You build an elevated freeway through downtown, for a bizarre but critical road that is not freeway at either end of downtown. You live with its awful stink, filth, noise and appearance for 50+ years. Then you seriously consider rebuilding the exact same thing, except bigger this time?
I love you Seattle, but I just couldn’t hitch my wagon to your crazy train.

Andrew Kluess
Shoreline


CommentsRSS icon

It's tough to live up to big city ambitions with a small town heart.

More like the vaunted "seattle way" is a fucking joke.

Amen, brother!

Yeah, because Shoreline sure is the model of how a community should look and operate. Every time I cross 145th at Aurora and see that gorgeous Walgreens sign I think "man, what a fantastic place THIS is; I wish downtown Seattle was this vacant and homogenized and BEIGE".

BEST FUCKING LETTER YET!


Seattle is stuck-up, but has little self-confidence.

I couldn't agree more, particularly about improving inner-city neighborhoods then crying "gentrification."

WORD!

The smoking ban passed in every single county across the state, so that's hardly a Seattle thing. And wow, large groups of people are inconsistent in their actions. The only place that wasn't true was Jonestown.

I dunno, I just don't get this terribly fashionable 'make fun of Seattle for being a small town at heart' thing. I don't particularly want it to be like other big US cities -- if I liked any of them better I wouldn't be living here. Seems like the real insecurity is people who can't accept us doing our own thing.

The boob who wrote this letter doesn't even live in Seattle, he lives in Shoreline. SHORELINE.

FNARF,
Please take another look at that Walgreens and imagine it in the context of an evolved Hy 99 (under a plausible but optimistic scenario.)

What? The bench out next to the 45 MPH traffic? The craptastic plantings that are already going to seed after just a couple of years because of no maintenance (and the wrong kind of plants)? The fact that the parking lot is shifted, placing the fake windows streetside instead of in the back? Yuck. I'm sorry, that's emblematic of a kind of bogus simulacrum of a streetscape that is taking over the world. It is the ENEMY of the street. And it's the wrong street.

99 is a HIGHWAY, and has, innocent of the blandishments of urban planners, has evolved a style, Roadside America, that is a thousand times more vibrant than the "Fake Greenwich Village" style the planners want to replace it with. The loss of places like the Twin Teepees and the burger joints and motels along Aurora is a cultural catastrophe.

But Shoreline's stretch has debased its charm, and is now worse than the rest, and has NOTHING to teach the city of Seattle. What we get when we pretend to learn is the Safeway store at 15th and John -- totally fake. That building will fall down of its own accord long before the city figures out how to use it properly. Ditto most of the big buildings in Seattle -- Safeways and Walgreens seem to be especially guilty -- that have adopted that style of fake streetside windows glued on the outside of what are really very retrograde boxes.

I can't totally disagree with that letter.

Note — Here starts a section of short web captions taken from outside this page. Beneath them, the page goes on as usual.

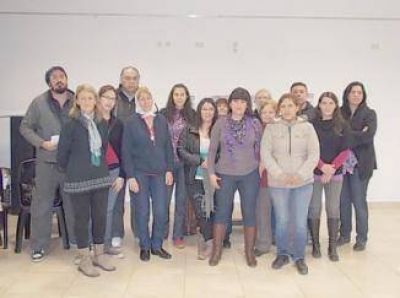 Numerosas entidades se manifiestan contra el femicidio en la Estaci�n de Quilmes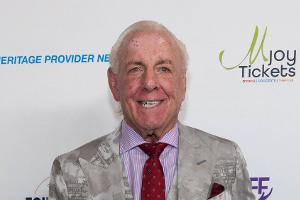 Nach Sturz: Wrestling-Ikone Ric Flair zeigt sich mit Augenverband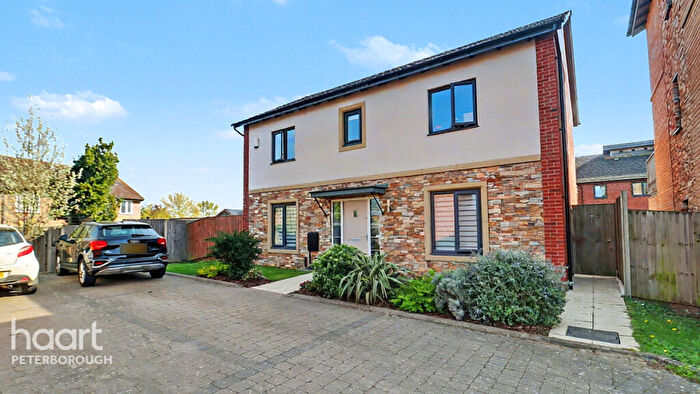 4 Bedroom Detached House For Sale In Hawksbill Way, Peterborough, PE2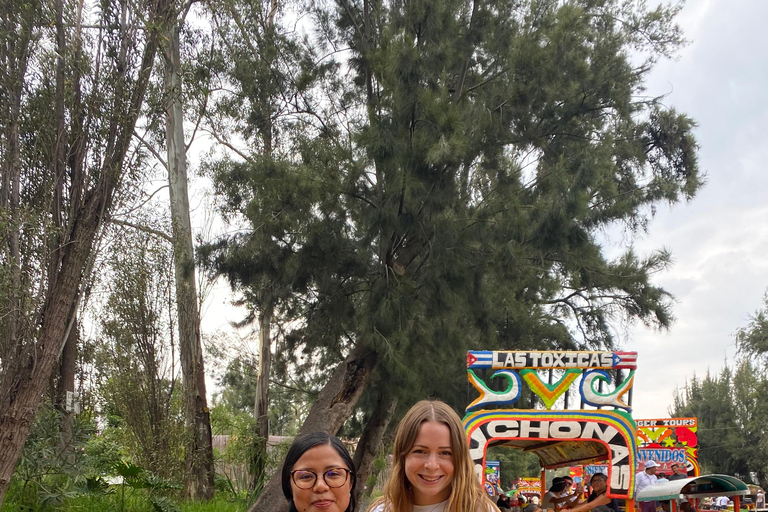 Xochimilco: Food and Trajinera Ride with Local Women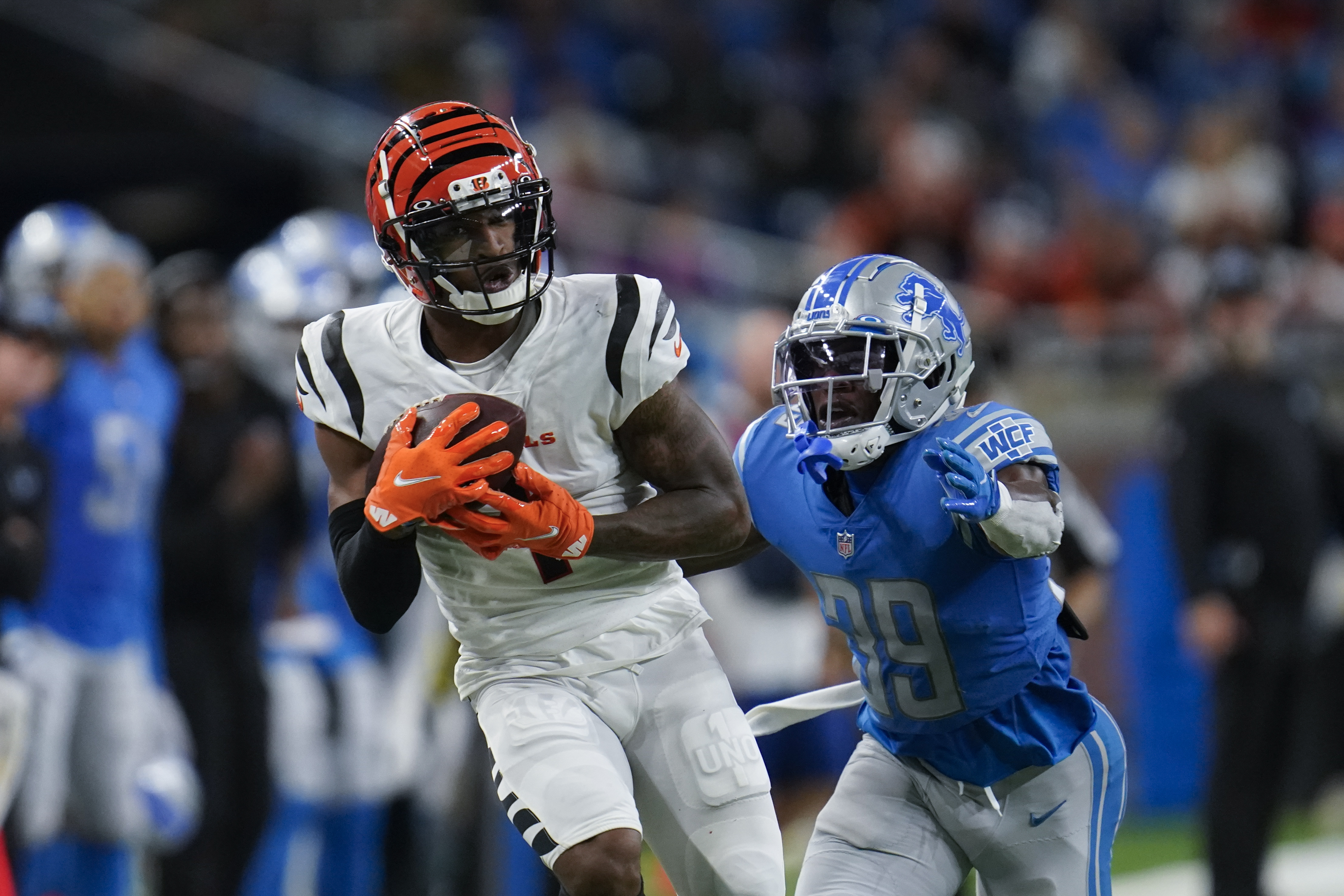 Ja'Marr Chase blocks on Joe Mixon's touchdown for Bengals in Detroit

One more thing: The U-Village. I doubt it was the first of it's kind - more likely started in suburban California - but was the first example of it's type I ever experience and has long been my high water mark for what is wrong with the development of the this Country.

The U Village style of open-air mall has been around forever. Many of today's enclosed malls started out open-air -- Northgate, Bellevue Square. There were seemingly dozens of them in San Jose 20 years ago -- The Pruneyard, Town and Country, etc.

U Village is a pretty good example of one, probably the nicest I've ever seen. If you're saying you don't like it because it's not downtown, well, you're missing the point. It's not trying to be downtown. It does what it does extremely well. If you want examples of BAD shopping development, head out to South Hill in Puyallup -- oh, my fucking god. It makes the Southcenter strips look like Milan or Paris.

Calm down everyone. It could be worse. You could be in The Lou. Talk about small town/big city complex...

FNARF,
The "boob" who wrote the letter probably lives in Shoreline because he can't find a decent affordable home in the City. Why can't we seem to develop enough affordable/workforce housing (not the heavily subsidized stuff, but the homes affordable to a young couple making $70k/yr combined)?

"We" aren't going to develop anything. Developers build houses, and sell them for what people feel like paying. There's been a lot of condo building in Seattle lately, but it's a tiny drop in the bucket compared to the real mega-developments out in the sticks. For every condo unit in the city, there are a THOUSAND crappy cheap houses going up in Marysville or Orting.

To specifically answer your question, there isn't room. If you're looking for a single-family house, Seattle is full and will not be building significant numbers of more of them. The city will be aquiring lots more apartment units as infill (for rent and sale) but not houses. The new units will not move the prices down appreciably. There are a lot of people moving here from the Bay Area who find our $600,000 houses remarkably CHEAP. The "affordable" places you mention will be, as they always have been forever, in the less attractive parts of the city. Your Green Lake used to be one of those, in the 70s, but now you'll have to go out to Skyway or Auburn or someplace. That's just life.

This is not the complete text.